By Dr. Micah Murphy
(Flyboys in training at Navy Air Station Corpus Christi, 1943-44, Grandpa Springer is in the front row on the far right.)
My grandfather, Donald Springer, lived through the depression and that experience taught him to work hard and be very frugal. I don’t think the frugal part caught on with us, his grandchildren, but he did pass on the importance of hard work and above all doing your duty. That duty could be to country, to company you work for, or your family. Doing your duty wasn’t really seen as a burden it was just life. Life and duty were the same. Duty was more like purpose and one thing he couldn’t stand was anyone who shirked their duty. Duty wasn’t just one way though. You owed others and they owed you. You owed your employer and your employer owed you. You owed your country and your country owed you. He once quit a job as an engineer with a wife at home, on the spot, when he learned of unfair pay practices. He’s probably single handedly responsible for one automaker not selling 100’s of vehicles because they wronged him and he told everyone for 30 years. Generations may not purchase from that automaker now.
Like lots of men in his generation, he was excited to do his part, his duty, in WWII. He joined the Navy and became a pilot hoping to go straight to war to fight the enemy. He did not see combat and it’s something, I know, he always regretted. Some Navy pilots needed to stay here in the U.S. though. His assignments involved going to airfields, usually on the east coast, and flying damaged or otherwise decommissioned planes to a junk yard called the boneyard. The yard was somewhere north of western Texas, I think. The job gave him plenty of experience flying all types of planes and working on them as a mechanic and he later used this experience when he taught flight lessons, worked on aircraft, and lived at and managed the Hastings Airport where he met my Grandmother, Maxine, while giving her lessons.
He had several stories of crashing in fields and walking miles to find a phone or a ride and sometimes a meal with a family somewhere. One of my favorite stories did not involve a crash and it seems more like a comedy show than real life.
I don’t remember the plane he was flying but I know it was a larger single prop plane. He landed near Dallas for fuel for the last leg of his trip. He hit the head, got some lunch, and went to start up the plane. He had power but the prop would not crank. He tinkered a bit but decided the engine might be seized up. By flying these planes to the boneyard he was saving a lot of manpower. If it couldn’t be flown it would be sitting on this pavement for awhile taking up space and eventually it would need to be partly disassembled and trucked to the junk yard, so he would put some considerable effort into getting to the boneyard by air.
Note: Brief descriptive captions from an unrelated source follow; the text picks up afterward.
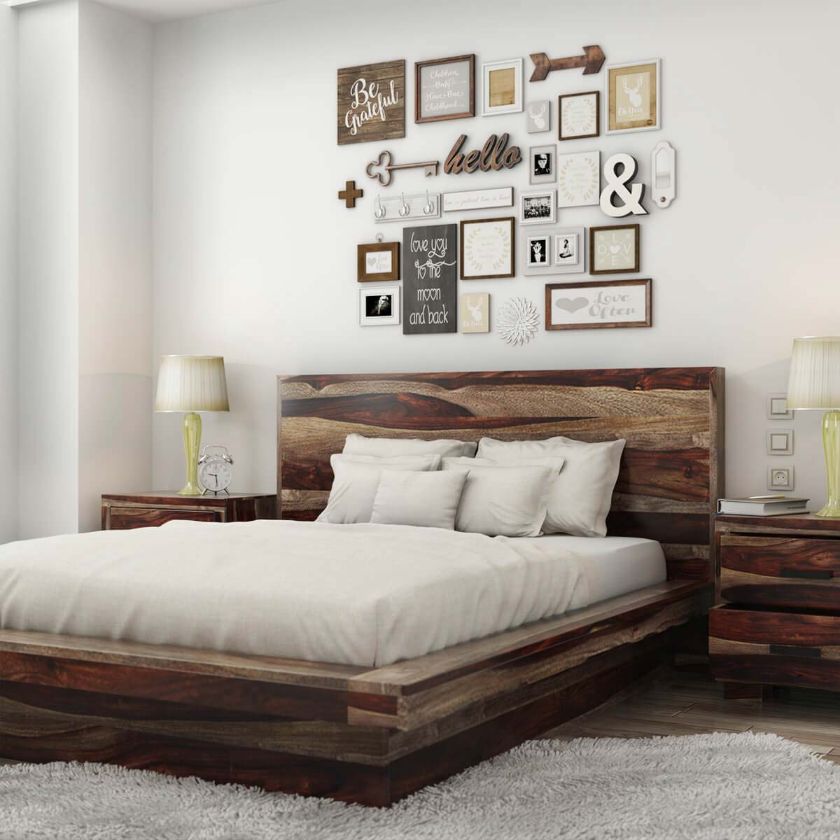 Picture of Virginia Modern Handcrafted Solid Wood Platform Bed
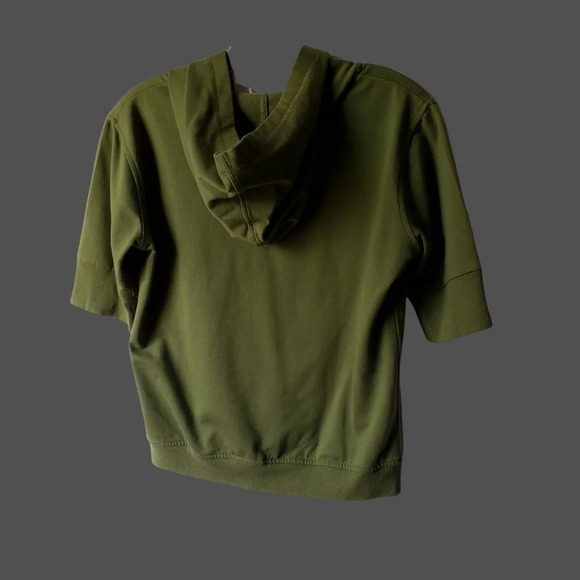 M.S Women hoody army green size small - Picture 3 of 5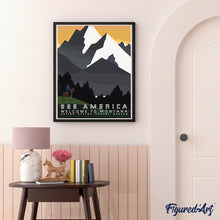 Carica l'immagine nel visualizzatore di Gallery, Dipingere con i numeri - Benvenuti nel Montana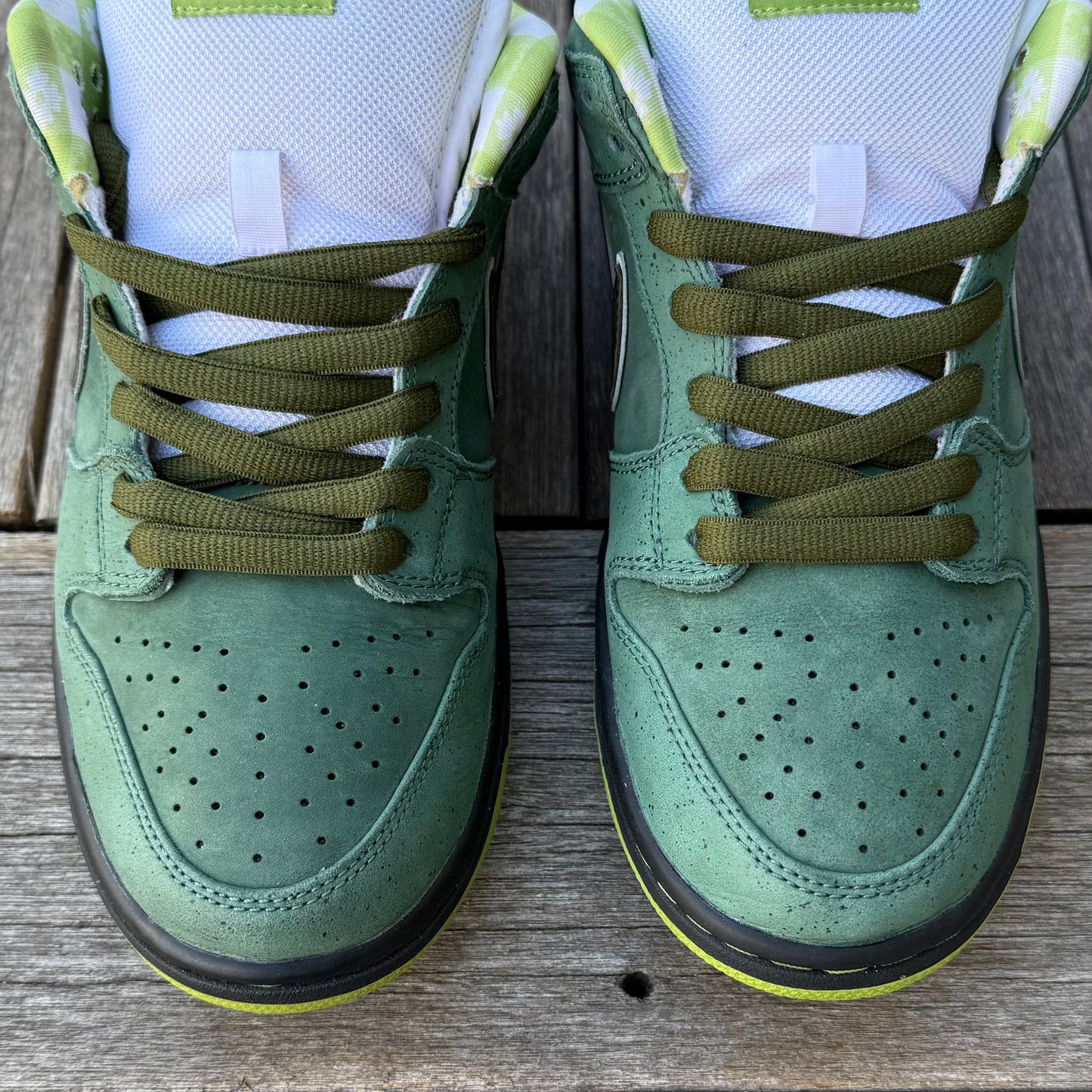 Nike SB Dunk Low Green Lobster Size 9.5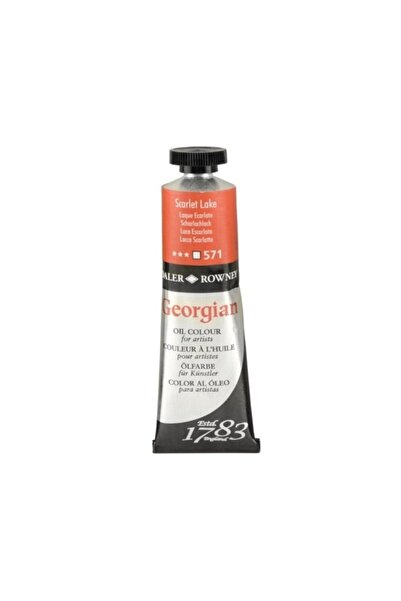 Daler Rowney Georgian Yağlı Boya 38ml - N:571 Scarlet Lake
While he was standing staring at the plane trying to figure out what to do a jeep drove up with a Captain driving. (I think Grandpa was a 1st Lieutenant at this time). The Captain asked him, “What’s the problem, let’s get this plane out of here?” Grandpa explained that he couldn’t get it to turn over. The Captain told him to get in the cockpit and turn the key on, he’d get it started. Grandpa, a little confused and about to argue watched as the Captain pulled a rope out of the back of the jeep. He formed a lasso and rodeo style lassoed the top of the prop. Grandpa climbed up in the plane while the Captain tied the other end of the rope to his Jeep. I should mention this jeep did not have a top; it was just an open Jeep. The Captain got in the Jeep turned and gave a thumbs up which Grandpa returned. I don’t know how long the rope was but the Captain gunned the Jeep and took off. When he hit the end of the rope the Jeep seemed to completely stop and the Captain went flying out the front onto the pavement. The prop, though, turned and the plane started up immediately. Grandpa saw the Captain get up, brush himself off, pull in the rope, get back in the Jeep and drive away. Mission accomplished.
Thanks for reading!
Dr. Micah Murphy is an Associate Professor of Marketing and Supply Chain Management Marketing at Eastern Michigan University.
It’s a good thing for the Captain, that the prop turned slowly enough for the rope to slip off the end. If the engine had caught quickly, he and his Jeep would have been winched into the slice-and-dice. Yikes!
Great story!
I still can’t believe that I never heard grandpa tell this story! It’s easily one of my favorites. Thank you for sharing Micah!